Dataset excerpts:
- - -

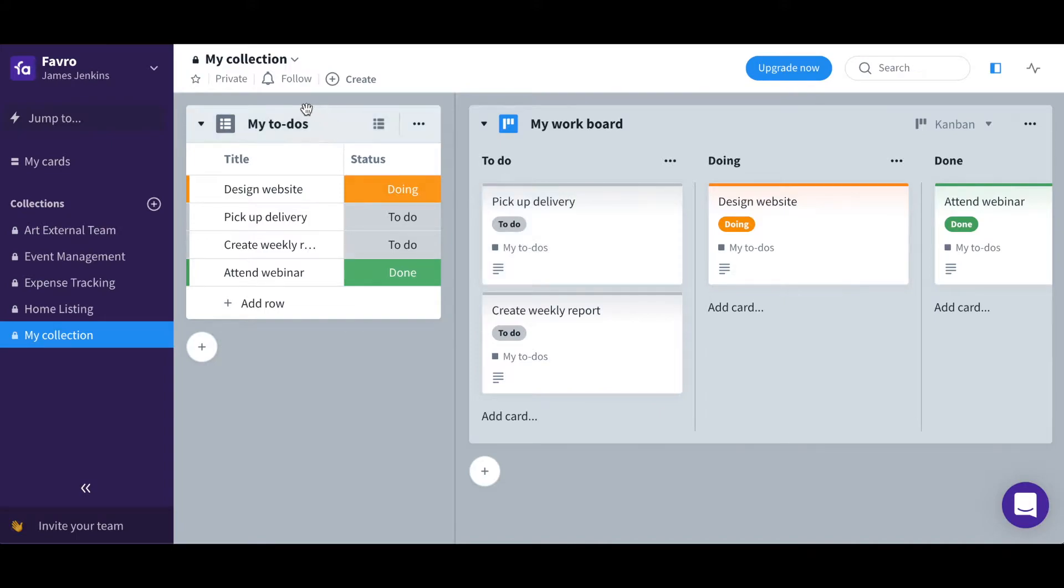This is my own collection, my own private collection that no one else can access that allows me to focus on my own tasks.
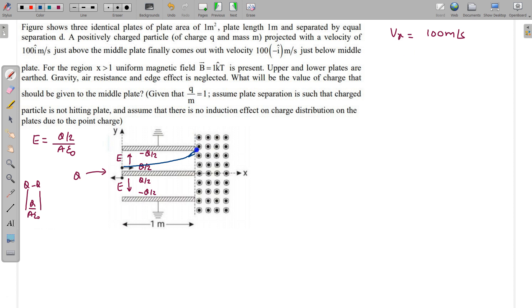When the charged particle reaches the exit of the plates it will have gained a velocity in the y direction, vy. The x-component vx will not change — there is no force along the x-axis, only force is along the y-axis. So initially the y-velocity was zero and now it is vy in the y-direction.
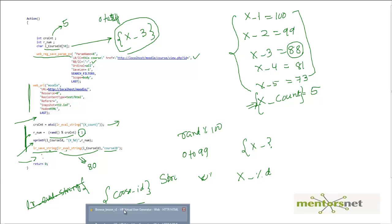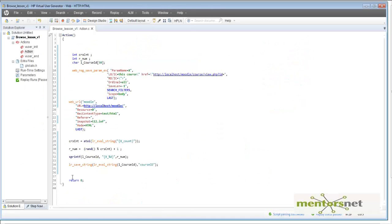This is what I have already done. If you run this for five iterations, you will notice five different random course IDs being generated — course IDs that the user is already enrolled in. We are going to use this trick again and again in multiple places to achieve the end goal of randomizing everything. In the next video, we are going to complete the browse lesson script. Thank you.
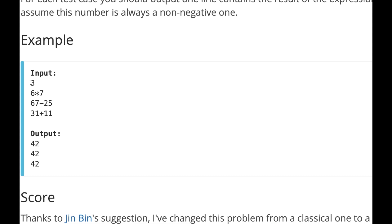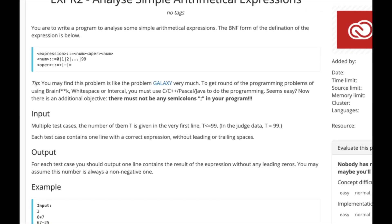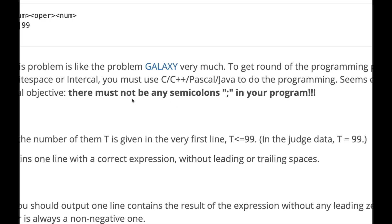The input format is: first we input the number of test cases, then for each test case we input the expression, and for each expression we print the output value. The problem is very simple, but there is one additional constraint — there must not be any semicolon in our program. So we cannot use semicolons. Let's see how we can solve this problem in C++ without using a semicolon.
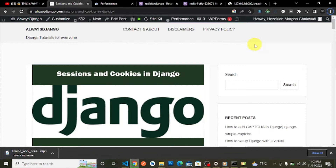Hi fellow Django developers, this is the care here from alwaysdjango.com where we discuss interesting Django topics that help you grow and improve as a Django developer. If that sounds interesting, like, share, subscribe, and comment on this video.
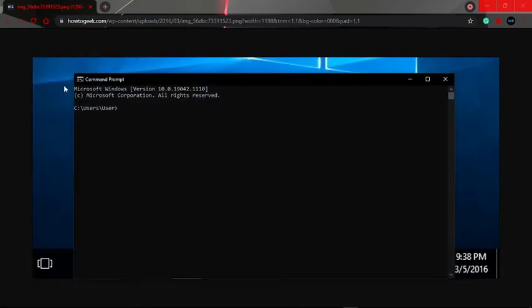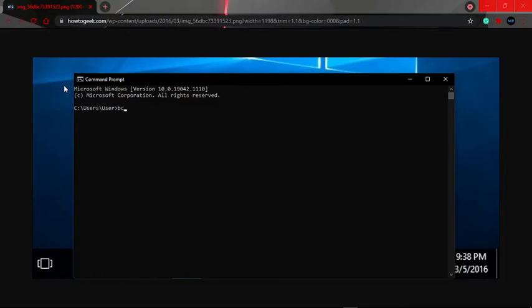You're going to get this screen and now I want you to type in the exact thing that I'm going to type in my command prompt. It's going to be bcdedit space slash set slash,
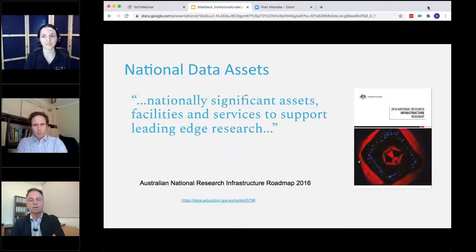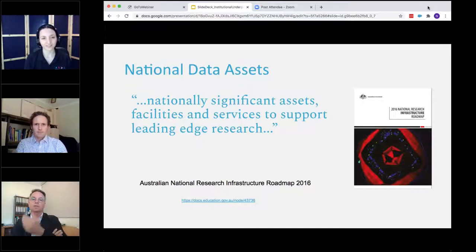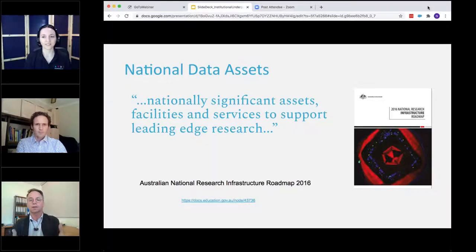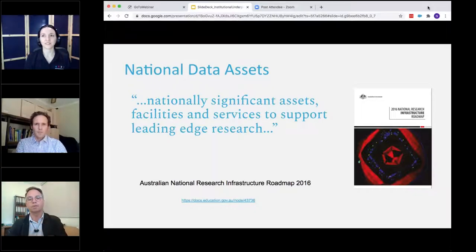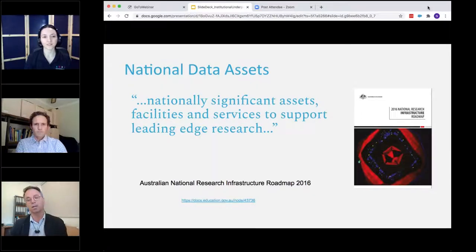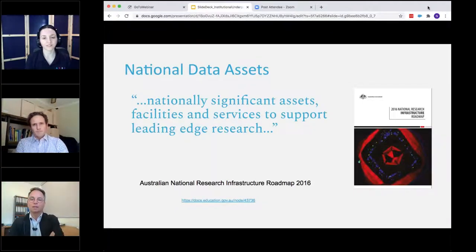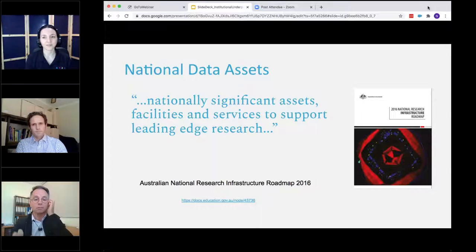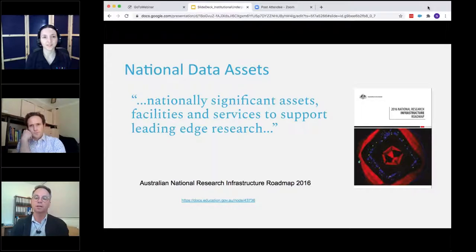Why do we have a National Data Assets Program in the first place? As part of NCRIS, that is what NCRIS is about — establishing those national level significant assets, facilities and services. It really focuses on what can be done only at the national level to achieve a particular scale or scope that is well and truly above the capacity of any single jurisdiction, institution or local arrangement. When we're talking about data as infrastructure, we're targeting the assets that will support leading edge research, and making sure those are addressed at national level.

- - -

◆ To do ◆
Please reproduce every record exactly, leaving the pictures out.

◆ Result of the exercise ◆
This is my own collection, my own private collection that no one else can access that allows me to focus on my own tasks.
When the charged particle reaches the exit of the plates it will have gained a velocity in the y direction, vy. The x-component vx will not change — there is no force along the x-axis, only force is along the y-axis. So initially the y-velocity was zero and now it is vy in the y-direction.
This is what I have already done. If you run this for five iterations, you will notice five different random course IDs being generated — course IDs that the user is already enrolled in. We are going to use this trick again and again in multiple places to achieve the end goal of randomizing everything. In the next video, we are going to complete the browse lesson script. Thank you.
The input format is: first we input the number of test cases, then for each test case we input the expression, and for each expression we print the output value. The problem is very simple, but there is one additional constraint — there must not be any semicolon in our program. So we cannot use semicolons. Let's see how we can solve this problem in C++ without using a semicolon.
Hi fellow Django developers, this is the care here from alwaysdjango.com where we discuss interesting Django topics that help you grow and improve as a Django developer. If that sounds interesting, like, share, subscribe, and comment on this video.
You're going to get this screen and now I want you to type in the exact thing that I'm going to type in my command prompt. It's going to be bcdedit space slash set slash,
Why do we have a National Data Assets Program in the first place? As part of NCRIS, that is what NCRIS is about — establishing those national level significant assets, facilities and services. It really focuses on what can be done only at the national level to achieve a particular scale or scope that is well and truly above the capacity of any single jurisdiction, institution or local arrangement. When we're talking about data as infrastructure, we're targeting the assets that will support leading edge research, and making sure those are addressed at national level.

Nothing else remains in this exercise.